ここまで見てきたように、2020年4月の緊急事態宣言下では、非労働力化の進展、休業者の急増、労働時間の大幅削減が失業率の上昇を抑制した。そして、緊急事態宣言解除を受けた経済活動再開後は、実質GDP成長率が大きく上振れるなど、想定を上回るペースで景気が回復してきたことが雇用調整圧力の緩和に寄与した。また、極めて厳しい状況にある宿泊・飲食サービス業から他産業への転職が進んだことも失業率の上昇を抑制した。
(緊急事態宣言の再発令で雇用調整圧力が再び高まる恐れ)
雇用情勢は2020年末にかけて最悪期を脱しつつあったが、2021年1月に緊急事態宣言が再発令されたため、持ち直しを続けてきた景気が再び悪化することは確実となった。2021年1-3月期は個人消費の落ち込みを主因としてマイナス成長となる可能性が高い。前回の緊急事態宣言時は、飲食店、遊興施設、百貨店などが全面休業に追い込まれたのに対し、今回は飲食店の営業時間短縮、大規模イベントの人数制限など規制の範囲が狭い。また、前回の緊急事態宣言では、当初7都府県に限定されていた対象地域がその後全国に拡大されたが、今回は対象地域が限られている。これらのことを踏まえれば、個人消費への悪影響は前回の緊急事態宣言時よりも小さくなる可能性が高い。

ただし、経済活動の制限自体が前回の緊急事態宣言時より限定的だとしても、経済の耐久力が当時よりも大きく低下していることには注意が必要だ。たとえば、法人企業統計の経常利益はコロナ前の水準を2割以上下回っており、特に新型コロナウイルス感染症の影響を強く受けた宿泊業、飲食サービス業は2020年1-3月期から3四半期連続で赤字となっている。また、宿泊業、飲食サービス業は利益剰余金が前年から半減しており、そのうち資本金1千万~2千万円の中小企業では、利益剰余金の実額がマイナスとなっている。
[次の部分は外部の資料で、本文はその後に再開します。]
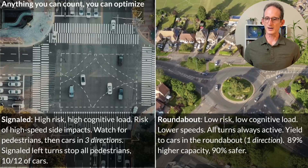To summarize: a signaled intersection is high risk, high cognitive load — because of high-speed side impact risk, you have to watch for pedestrians then cars moving in three directions. Signaled left turns stop all pedestrians as well as 8 out of 12 turning directions. The roundabout is low risk, low cognitive load, lower speeds, all turns always active — you just yield to cars already in the roundabout, looking in only one direction rather than three. This allows roundabouts to be 89% faster and 90% safer than signaled intersections. Sources and additional calculations are in the description.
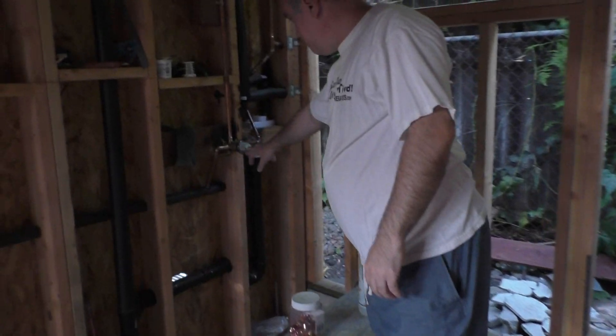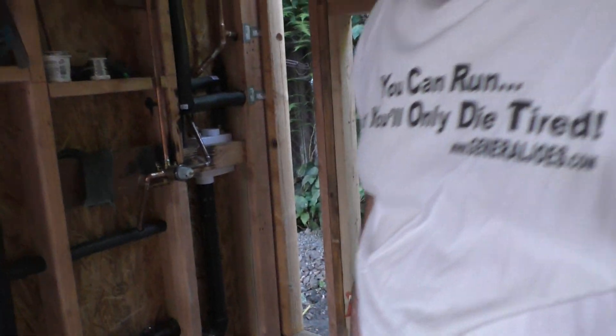In the bathroom, they put in the shower head — all the work for the shower head. That's what I can see was done in the bathroom.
緊急事態宣言そのものによるインパクトが小さかったとしても、事業の継続が不可能となり、廃業や倒産に追い込まれる企業が一気に増え、失業者数が急増するリスクは前回の緊急事態宣言時よりも高くなっている。
図表14 新規就業者と前職の産業別失業者 (失業抑制策から雇用創出策へ)
雇用調整助成金の拡充が失業者の増加抑制に貢献してきたことは確かだが、経済活動の水準が元に戻らない中で無理に雇用を維持し続けることは、新規雇用、特に新卒採用の抑制につながる恐れがある。実際、新たな失業者(前職の産業別失業者)は一定程度抑えられているのに対し、新規就業者数は卸・小売業、宿泊・飲食サービス業を中心に減少ペースが加速している(図表14)。
図表15 新卒採用計画の推移 また、日銀短観2020年12月調査では、2011年度から増加が続いていた新卒採用計画が2020年度に前年比▲2.6%と10年ぶりの減少となった後、2021年度は同▲6.1%と減少幅が拡大した(図表15)。2021年度採用計画を業種別にみると、宿泊・飲食サービス業が前年比▲25.2%の大幅減少となっているほか、製造業も同▲10.8%の二桁減となるなど、ほとんどの業種が減少計画となっている。

日本では、以前から採用が新卒に偏りすぎていることが指摘されてきた。労働市場全体の雇用者数は景気循環によってそれほど大きく変動しないが、新卒採用数は景気が良い時には急増し、景気が悪い時には急減するという特徴がある。1990年度以降、新卒採用数が前年比で二桁の減少となったことが7回ある。景気が悪化した場合、厳しい解雇規制や大規模な雇用対策によって既存の労働者は守られているが、そのしわ寄せは新たに就職しようとする若者が受けやすい。いわば、新卒採用市場が雇用調整の役割を担っているともいえる。

近年は労働市場が良好な状態が長かったため、弊害が目立たなかったが、新型コロナによる景気の急激な悪化によって、日本の労働市場の問題が改めて浮き彫りになった。新卒採用が多い一方で、中途採用の門戸が狭いため、たまたま景気が悪い時に学校を卒業した若者は、能力とは関係なくその後も思うような職に就けなくなってしまう。このことは世代間の不公平にもつながるだろう。
 
政府は、雇用調整助成金の特例措置を緊急事態宣言が全国で解除された月の翌月末まで延長することを決めている。2020年春のように経済活動を大幅に制限せざるをえなかった時期にはやむを得ない措置であったが、特例措置を長く続ければ企業内の雇用保蔵はさらに拡大する。このことは将来の雇用創出を妨げ、雇用情勢の改善が遅れるリスクを高めるだろう。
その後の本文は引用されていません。